A researcher at Clemson University’s Strom Thurmond Institute of Government and Public Affairs has issued a report on the government process surrounding school consolidation in South Carolina. School consolidation is when multiple school districts or individual schools are combined, and it’s usually surrounded by years of contention as local communities defend their schools and school board autonomy.
Alumni Professor Emerita of Economics Holly Ulbrich says decisions about how school districts are structured are controlled through local legislative delegations. That’s usually suported through largely automatic consent of other lawmakers.
Ulbrich says consolidation is an increasingly popular issue.
(Ulbrich on consolidation MP3 1:48)
Ulbrich on consolidation
Lawmakers usually seek input from local constituents but may still vote in support of consolidation.
Ulbrich says it would be a good idea for voters to ask candidates how they stand on local consolidation. There are 124 House seats to be filled in the upcoming election.

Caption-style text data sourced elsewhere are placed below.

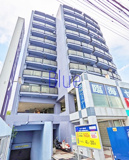 鎧橋ビルの画像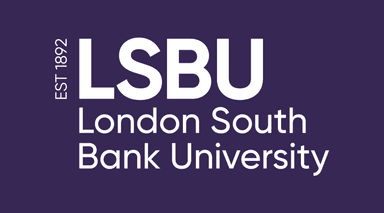 London South Bank University logo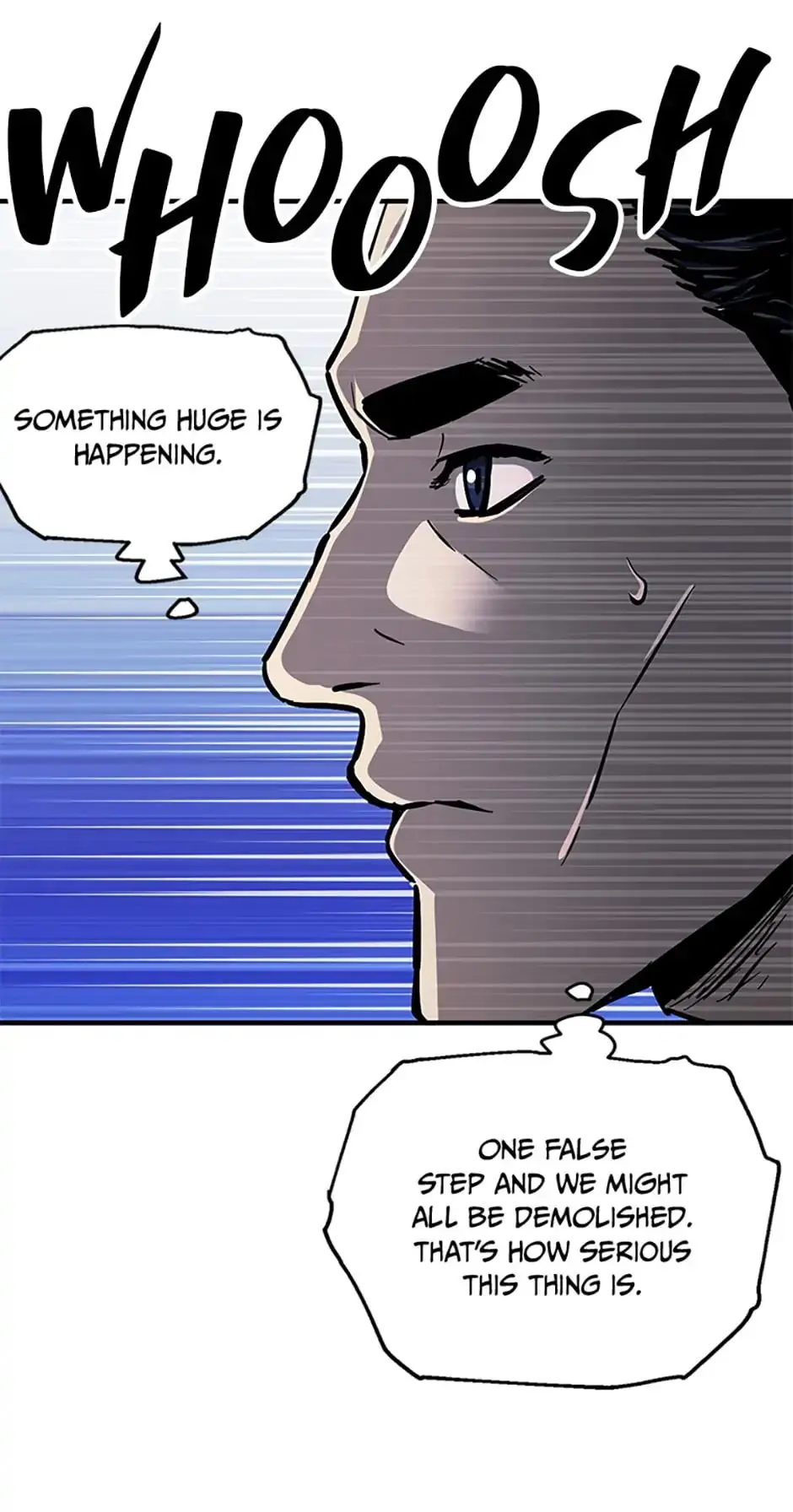 The Player Who Can't Level Up Chapter 48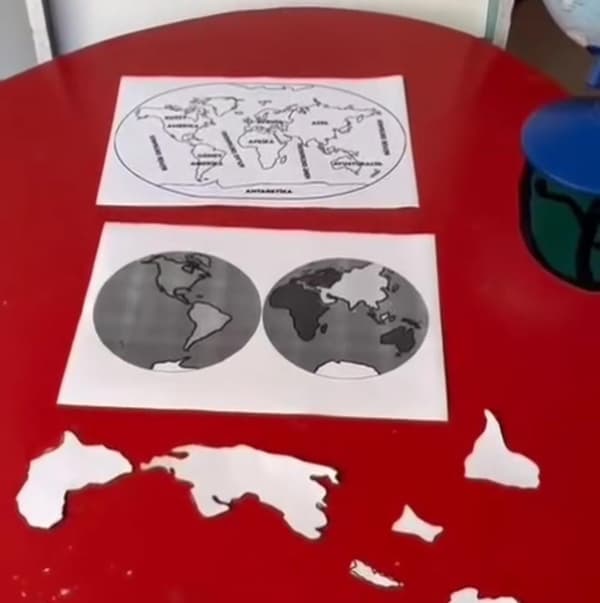 Şen İkizler Anaokulu - 2. Fotoğraf Şen İkizler Anaokulu - 2. Fotoğraf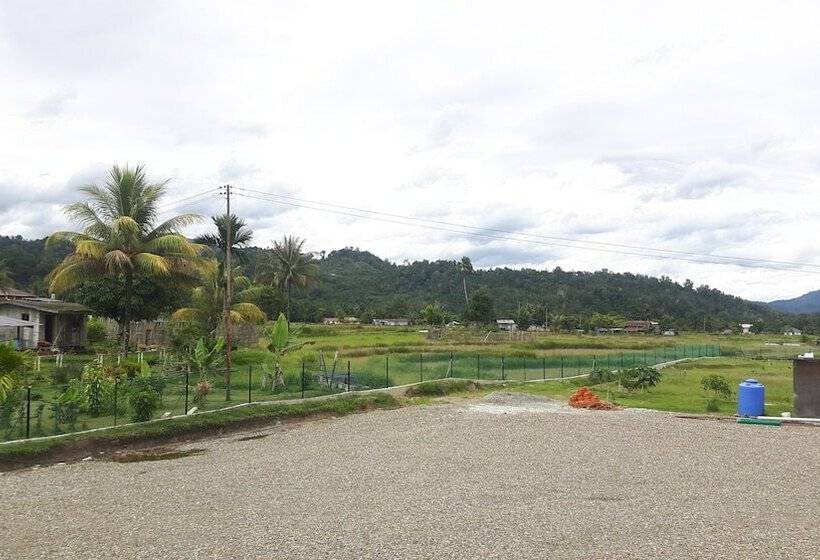 فندق Padi View Resthouse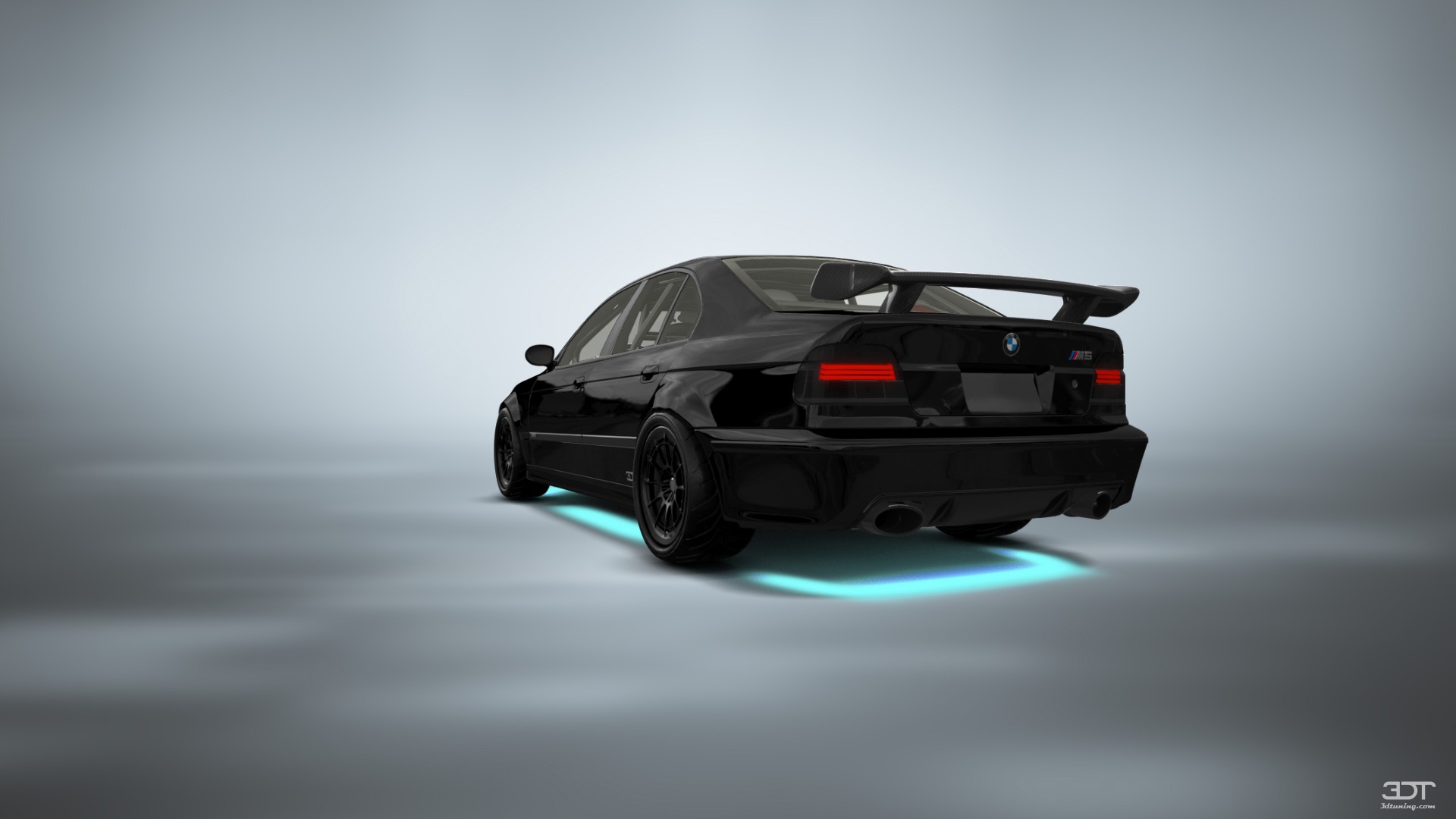 BMW 5 Series M5 Sedan 2003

Recent controversial decisions about the structure and authority of school boards have been made by referendum votes in Pickens, Sumter and Fairfield counties. Following a previous referendum, consolidation will be implemented in Sumter next year. A referendum is also coming in Dillon County which could allow residents to vote on school board members. They are currently appointed positions.
Ulbrich says her conclusion is that the process needs to change, giving citizens more say.
State lawmakers have the primary power on the issue of local consolidation. But even candidates for governor have expressed themselves on the issue. Ulbrich says Lt. Gov. Andre Bauer, Representative Nikki Haley and Attorney General Henry McMaster all said they would implement mandatory consolidation. U.S. Representative Gresham Barrett said he didn’t think a mandate was necessary but said that the process needs to be improved.
There are 85 school districts in South Carolina. Twenty-nine districts serve single counties. Some districts even cross county lines.
Ulbrich says school boards and the people who elect them need more power in the process. She says in Sumter and other cases, there was certainly evidence in support of consolidation. But her point is that the process used to resolve such dilemmas is just as important as the outcome.